Here’s a clue. Borders define the nation state. They are the emotional red lines which leaders protect with blood and thunder. Anything which threatens the nation’s territorial integrity must be stopped.
Consider how in the run-up to the 2014 referendum on Scottish independence, voters were advised that leaving the UK would unleash a financial crisis, the currency would be a monetary disaster and put pensions at risk. Similar warnings of financial Armageddon – now dubbed Project Fear – were recently put to the Catalans, with the Bank of Spain warning that an independent Catalonia would be unable to use the Euro leading to capital controls and bank runs. Economics can be a powerful weapon. Who would bet against these doomsday predictions surfacing again if the secession movement in Hawaii ever got wind behind its sails?
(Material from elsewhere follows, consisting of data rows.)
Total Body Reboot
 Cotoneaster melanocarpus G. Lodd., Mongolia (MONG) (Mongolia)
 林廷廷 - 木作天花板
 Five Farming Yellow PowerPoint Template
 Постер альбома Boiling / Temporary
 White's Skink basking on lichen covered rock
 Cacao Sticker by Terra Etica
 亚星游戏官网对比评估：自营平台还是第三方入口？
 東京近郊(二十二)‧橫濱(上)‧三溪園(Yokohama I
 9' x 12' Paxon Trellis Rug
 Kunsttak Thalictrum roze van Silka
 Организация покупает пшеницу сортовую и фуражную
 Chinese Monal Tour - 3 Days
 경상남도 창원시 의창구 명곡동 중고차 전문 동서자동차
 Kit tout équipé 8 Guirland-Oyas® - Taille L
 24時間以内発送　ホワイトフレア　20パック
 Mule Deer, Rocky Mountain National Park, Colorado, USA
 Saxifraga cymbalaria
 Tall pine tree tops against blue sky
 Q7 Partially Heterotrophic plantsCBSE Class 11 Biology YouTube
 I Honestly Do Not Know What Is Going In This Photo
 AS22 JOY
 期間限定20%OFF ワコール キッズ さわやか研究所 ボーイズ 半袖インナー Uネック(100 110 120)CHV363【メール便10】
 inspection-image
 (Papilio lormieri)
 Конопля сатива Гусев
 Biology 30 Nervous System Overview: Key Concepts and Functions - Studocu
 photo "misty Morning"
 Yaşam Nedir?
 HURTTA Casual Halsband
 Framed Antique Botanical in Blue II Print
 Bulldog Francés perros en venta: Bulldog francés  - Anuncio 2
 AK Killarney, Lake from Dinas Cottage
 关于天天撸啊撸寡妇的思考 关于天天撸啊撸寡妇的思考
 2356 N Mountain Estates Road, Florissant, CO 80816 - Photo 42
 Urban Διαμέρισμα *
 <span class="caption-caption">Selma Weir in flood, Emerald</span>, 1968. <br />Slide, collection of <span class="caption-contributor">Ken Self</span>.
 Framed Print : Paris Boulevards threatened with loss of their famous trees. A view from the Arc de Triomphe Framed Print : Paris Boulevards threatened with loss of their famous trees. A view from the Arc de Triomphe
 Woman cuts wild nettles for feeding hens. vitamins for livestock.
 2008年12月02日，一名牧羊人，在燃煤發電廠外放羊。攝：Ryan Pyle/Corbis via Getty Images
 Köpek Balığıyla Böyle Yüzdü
It’s one thing to run quirky community experiments like the Bristol Pound but unsettling the status quo is serious business. The former Greek finance minister Yanis Varoufakis was accused of treason when he put together a contingency plan to introduce a new Drachma currency in the event of leaving the Eurozone. In Spain, alarm bells are ringing as the Mayor of Barcelona intends to launch a local digital currency. A successful implementation of a parallel currency could help allay economic concerns over leaving Spain and strengthen the case for Catalan independence.
This is what makes Bitcoin so problematic for governments: Bitcoin has placed a fully functioning money press into the hands of the public. If Bitcoin were to achieve mainstream adoption and recognition as a viable currency substitute, it could pour fuel onto the fires of separatism all around the world. Viewed in this light, Bitcoin is no longer just programmable money, it’s a crucial tool for emboldening the redrawing of borders and therefore Bitcoin represents an existential threat to the nation state.
If you were in government and you believed this to be true, what would you do? Investor funding means Bitcoin won’t just quietly fade away. Banning software is impractical. The challenge facing policy wonks is how to untie Satoshi’s Gordian knot and allow blockchain technology and government-backed digital currencies to prosper, whilst grinding down Bitcoin and its derivatives. With the stakes so high, it would not be surprising if a war of attrition had already begun. Repeat after me: Bitcoin bad, Blockchain good.